In Iraq, ISIL's major conquest is being lost:
Speaking to AFP on Sunday, Staff Major General Maan al-Saadi of the elite Counter-Terrorism Service said "more than a third" of west Mosul was now under the control of security forces. ...
"The battle is not easy... we are fighting an irregular enemy who hides among the citizens and uses tactics of booby-trapping, explosions and suicide bombers, and the operation is taking place with precision to preserve the lives of the citizens," Brigadier General Yahya Rasool, the spokesman for the JOC, told AFP.
Still, he said, IS resistance "has begun to weaken in a big way".
Rasool appears to be speaking of ISIL resistance in a specific area rather than all of Mosul, but it seems like the comment does reflect the bigger picture.
Meanwhile on the Syria front, American-supported forces reinforced by American troops are nearing an assault on Raqqa:
Defence officials told the Washington Post that a Marine artillery unit had been deployed with large field guns that can fire 155mm shells about 32km (20 miles).
A coalition spokesman, Col John Dorrian, told Reuters news agency they would help "expedite the defeat" of IS in Raqqa.
These American forces are part of a temporary deployment not counted in our ceiling for troops levels. So the assault must be imminent. And as the article notes, we'd like to kill off the leadership in the battle to cripple ISIL's ability to adapt to loss of the caliphate.
Which means we will likely see the commitment of that reserve force we decided to put in place in Kuwait.
Remember in the initial 2001 Afghanistan campaign, we relied too much on local Afghan allies on the ground, which seems to have allowed Osama bin Laden and other leaders to escape the Battle of Tora Bora.
Another sign of an imminent battle is that ISIL has evacuated the families of their troops:
The Syrian Observatory for Human Rights said "300 families of foreign fighters of IS have left the city of Raqa since dawn Friday to take refuge in the province of Deir Ezzor to the east and Hama to the west".
Syria's dictator Assad is a latecomer to the battle against ISIL, having let others fight them while he slaughtered non-jihadi rebels in the west. Now he is trying to get in on the act to exploit the American-led effort:
Assad said that "in theory" he still saw scope for cooperation with Trump, though practically nothing had happened in this regard. He dismissed the U.S.-backed military campaign against Islamic State in Syria as "only a few raids", and said a more comprehensive approach was needed. ...
Assad noted that the Russian-backed Syrian army was now "very close" to Raqqa city after advancing to the western banks of the Euphrates River this week - a rapid gain that has brought it to the frontier of areas held by the U.S.-backed forces.

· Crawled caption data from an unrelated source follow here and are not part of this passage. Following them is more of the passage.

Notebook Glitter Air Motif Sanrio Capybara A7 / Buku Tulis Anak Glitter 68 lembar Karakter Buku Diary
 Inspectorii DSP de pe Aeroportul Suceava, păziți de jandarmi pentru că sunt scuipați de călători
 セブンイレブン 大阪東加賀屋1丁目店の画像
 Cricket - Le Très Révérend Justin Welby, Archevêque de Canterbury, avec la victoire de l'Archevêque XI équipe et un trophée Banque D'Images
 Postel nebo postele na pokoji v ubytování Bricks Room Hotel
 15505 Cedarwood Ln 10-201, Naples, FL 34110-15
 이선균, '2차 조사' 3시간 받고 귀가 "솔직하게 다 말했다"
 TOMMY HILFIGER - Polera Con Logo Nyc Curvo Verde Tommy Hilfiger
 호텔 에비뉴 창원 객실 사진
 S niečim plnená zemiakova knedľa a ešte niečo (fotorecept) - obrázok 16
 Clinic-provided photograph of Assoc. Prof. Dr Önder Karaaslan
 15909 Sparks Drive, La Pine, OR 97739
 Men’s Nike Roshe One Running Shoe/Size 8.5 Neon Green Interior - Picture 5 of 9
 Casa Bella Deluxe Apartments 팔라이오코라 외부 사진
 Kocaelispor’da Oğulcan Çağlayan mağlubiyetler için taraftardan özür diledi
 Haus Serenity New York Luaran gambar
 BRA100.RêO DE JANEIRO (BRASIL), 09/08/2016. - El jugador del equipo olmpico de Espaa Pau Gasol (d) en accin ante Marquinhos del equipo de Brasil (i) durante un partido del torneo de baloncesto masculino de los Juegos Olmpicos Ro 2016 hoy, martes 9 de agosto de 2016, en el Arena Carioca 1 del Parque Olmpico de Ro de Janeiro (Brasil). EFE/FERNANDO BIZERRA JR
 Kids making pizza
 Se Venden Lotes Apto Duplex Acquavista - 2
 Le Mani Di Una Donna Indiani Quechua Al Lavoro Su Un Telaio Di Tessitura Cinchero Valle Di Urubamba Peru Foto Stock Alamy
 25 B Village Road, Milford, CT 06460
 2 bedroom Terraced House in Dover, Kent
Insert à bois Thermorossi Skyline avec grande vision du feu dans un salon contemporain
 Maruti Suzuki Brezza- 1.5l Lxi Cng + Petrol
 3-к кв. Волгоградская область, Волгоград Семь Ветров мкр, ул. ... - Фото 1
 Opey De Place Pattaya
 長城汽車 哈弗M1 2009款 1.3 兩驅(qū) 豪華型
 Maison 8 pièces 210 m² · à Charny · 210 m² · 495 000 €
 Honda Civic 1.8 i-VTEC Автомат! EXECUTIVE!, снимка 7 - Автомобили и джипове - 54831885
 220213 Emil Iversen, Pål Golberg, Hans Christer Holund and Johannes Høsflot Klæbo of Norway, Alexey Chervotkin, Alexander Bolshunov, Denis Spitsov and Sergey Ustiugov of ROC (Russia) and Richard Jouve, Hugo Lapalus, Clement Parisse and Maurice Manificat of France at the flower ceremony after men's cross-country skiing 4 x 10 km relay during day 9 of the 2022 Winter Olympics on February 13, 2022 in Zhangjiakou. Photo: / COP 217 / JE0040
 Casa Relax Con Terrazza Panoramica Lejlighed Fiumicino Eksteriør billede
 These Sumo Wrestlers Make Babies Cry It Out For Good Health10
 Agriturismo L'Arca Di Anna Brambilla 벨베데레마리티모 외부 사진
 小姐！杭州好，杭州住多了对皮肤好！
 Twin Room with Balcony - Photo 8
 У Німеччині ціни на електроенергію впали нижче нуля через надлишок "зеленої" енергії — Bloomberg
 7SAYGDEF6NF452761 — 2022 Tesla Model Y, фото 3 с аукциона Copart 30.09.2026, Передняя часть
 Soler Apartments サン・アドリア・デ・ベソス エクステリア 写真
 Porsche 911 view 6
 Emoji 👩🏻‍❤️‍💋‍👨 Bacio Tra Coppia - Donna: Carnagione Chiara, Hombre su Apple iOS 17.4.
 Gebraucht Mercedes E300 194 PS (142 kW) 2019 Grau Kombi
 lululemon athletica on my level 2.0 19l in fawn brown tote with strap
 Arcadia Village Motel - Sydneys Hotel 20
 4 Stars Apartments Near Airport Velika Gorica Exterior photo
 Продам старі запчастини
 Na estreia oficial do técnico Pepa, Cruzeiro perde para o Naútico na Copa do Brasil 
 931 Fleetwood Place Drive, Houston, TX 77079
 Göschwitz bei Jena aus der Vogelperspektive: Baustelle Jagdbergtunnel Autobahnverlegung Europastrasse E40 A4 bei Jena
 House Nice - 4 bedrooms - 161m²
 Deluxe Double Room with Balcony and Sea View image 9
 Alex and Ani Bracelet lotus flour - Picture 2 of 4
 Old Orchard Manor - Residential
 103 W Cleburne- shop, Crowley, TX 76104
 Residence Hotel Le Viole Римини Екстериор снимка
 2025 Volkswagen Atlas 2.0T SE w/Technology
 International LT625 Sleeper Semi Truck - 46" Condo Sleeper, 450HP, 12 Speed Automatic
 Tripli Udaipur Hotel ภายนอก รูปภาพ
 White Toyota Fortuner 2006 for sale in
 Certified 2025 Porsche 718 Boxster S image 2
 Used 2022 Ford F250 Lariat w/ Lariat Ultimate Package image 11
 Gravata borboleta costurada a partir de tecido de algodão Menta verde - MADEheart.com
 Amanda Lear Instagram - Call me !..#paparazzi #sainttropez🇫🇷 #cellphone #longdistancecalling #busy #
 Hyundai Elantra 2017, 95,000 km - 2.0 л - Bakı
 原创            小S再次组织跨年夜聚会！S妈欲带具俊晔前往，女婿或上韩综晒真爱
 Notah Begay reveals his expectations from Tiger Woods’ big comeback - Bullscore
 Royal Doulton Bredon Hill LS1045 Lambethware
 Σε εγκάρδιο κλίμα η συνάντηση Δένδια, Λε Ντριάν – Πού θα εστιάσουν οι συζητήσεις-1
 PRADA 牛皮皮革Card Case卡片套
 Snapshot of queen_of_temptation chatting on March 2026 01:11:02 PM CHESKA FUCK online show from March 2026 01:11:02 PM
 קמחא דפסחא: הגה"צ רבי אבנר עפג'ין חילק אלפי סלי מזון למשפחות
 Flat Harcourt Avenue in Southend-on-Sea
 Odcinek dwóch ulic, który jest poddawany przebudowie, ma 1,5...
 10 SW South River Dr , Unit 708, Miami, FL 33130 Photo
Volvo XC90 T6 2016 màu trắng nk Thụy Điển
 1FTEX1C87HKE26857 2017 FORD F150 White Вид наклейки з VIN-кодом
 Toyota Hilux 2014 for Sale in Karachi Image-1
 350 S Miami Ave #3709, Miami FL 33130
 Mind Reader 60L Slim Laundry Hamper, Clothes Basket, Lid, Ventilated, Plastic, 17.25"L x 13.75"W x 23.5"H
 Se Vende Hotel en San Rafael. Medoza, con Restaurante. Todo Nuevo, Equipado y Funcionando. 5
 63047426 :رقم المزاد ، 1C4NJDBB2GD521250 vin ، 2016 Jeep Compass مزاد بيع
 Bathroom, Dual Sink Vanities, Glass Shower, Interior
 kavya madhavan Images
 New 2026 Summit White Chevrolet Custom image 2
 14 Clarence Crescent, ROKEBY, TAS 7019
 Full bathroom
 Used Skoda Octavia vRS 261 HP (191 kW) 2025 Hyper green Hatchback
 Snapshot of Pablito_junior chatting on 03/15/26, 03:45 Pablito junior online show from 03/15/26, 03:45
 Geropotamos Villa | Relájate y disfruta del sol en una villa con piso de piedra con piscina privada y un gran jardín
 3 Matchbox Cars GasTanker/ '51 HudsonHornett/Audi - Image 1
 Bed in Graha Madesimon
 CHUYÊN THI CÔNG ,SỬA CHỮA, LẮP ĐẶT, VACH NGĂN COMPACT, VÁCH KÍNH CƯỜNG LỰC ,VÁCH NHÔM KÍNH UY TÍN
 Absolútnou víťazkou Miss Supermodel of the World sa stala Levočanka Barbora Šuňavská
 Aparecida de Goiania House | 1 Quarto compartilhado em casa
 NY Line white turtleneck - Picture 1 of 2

He said Raqqa was "a priority for us", but indicated that there could also be a parallel army attack towards Deir al-Zor in the east, near the Iraqi border. Deir al-Zor province is almost completely controlled by Islamic State, also known as ISIS.
It is funny that ISIL is being defeated because of America with no help from Assad or his friends, yet he claims America has carried out "only a few raids." This fights nicely with recent Russian claims to have killed about 1,600 ISIL forces in a couple of air raids recently. So on paper Russia is prominent in that fight.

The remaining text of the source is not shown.